#### Requirement
Write out an exact copy of the line containing "Hyundai Santa Fe" and all lines that follow it in the data below, leaving out pictures.

#### Dataset excerpts
>>>>>

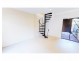 10/7-11 Leake Street, Fremantle WA 6160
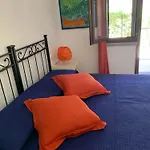 Villa Empatja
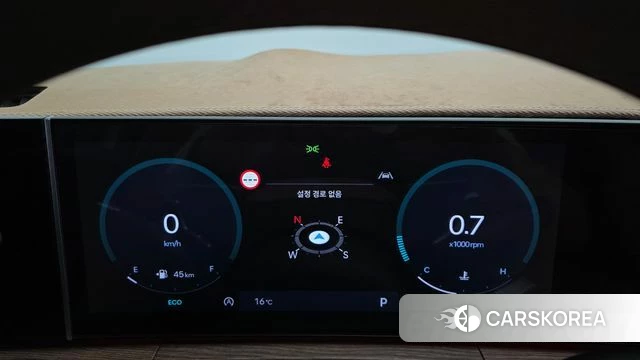 Hyundai Santa Fe (MX5) id 3940296 из Кореи 18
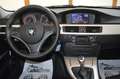 BMW 316 d **Xenon**Sportsitze**neues Pickerl** Weiß - thumbnail 16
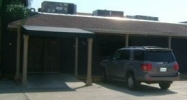 3511 Hessmer Avenue Metairie, LA 70002 - Image 14931498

<<<<<

#### Exercise response
 Hyundai Santa Fe (MX5) id 3940296 из Кореи 18
 BMW 316 d **Xenon**Sportsitze**neues Pickerl** Weiß - thumbnail 16
 3511 Hessmer Avenue Metairie, LA 70002 - Image 14931498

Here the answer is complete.